I'm a bit annoyed with myself because I can't understand why one solution to a problem worked but another didn't. As in, it points to a deficient understanding of (basic) pandas on my part, and that makes me mad!

Anyway, my problem was simple: I had a list of 'bad' values ('bad_index'); these corresponded to row indexes on a dataframe ('data_clean1') for which I wanted to delete the corresponding rows. However, as the values will change with each new dataset, I didn't want to plug the bad values directly into the code. Here's what I did first:

bad_index = [2, 7, 8, 12, 13, 14, 15, 16, 17, 18, 19, 20, 21, 22, 24, 29]

for i in bad_index:
    dataclean2 = dataclean1.drop([i]).reset_index(level = 0, drop = True)
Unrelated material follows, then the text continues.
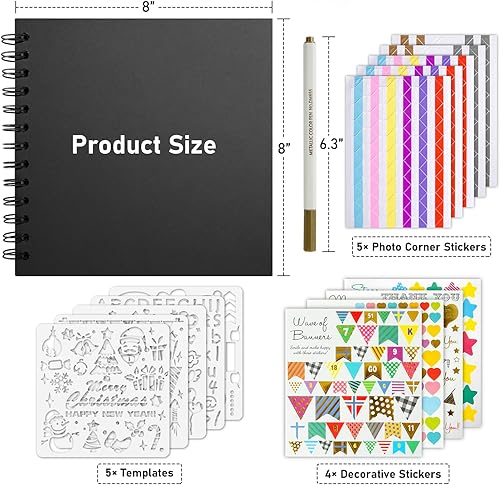 Vista 76 de Gotideal Álbum de recortes de bricolaje, papel para manualidades, álbum de fotos de boda y aniversario, álbum de recortes familiar, accesorios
But this didn't work; the data_clean2 remained the exact same as data_clean1. My second idea was to use list comprehensions (as below); this worked out fine.

bad_index = [2, 7, 8, 12, 13, 14, 15, 16, 17, 18, 19, 20, 21, 22, 24, 29]

data_clean2 = data_clean1.drop([x for x in bad_index]).reset_index(level = 0, drop = True)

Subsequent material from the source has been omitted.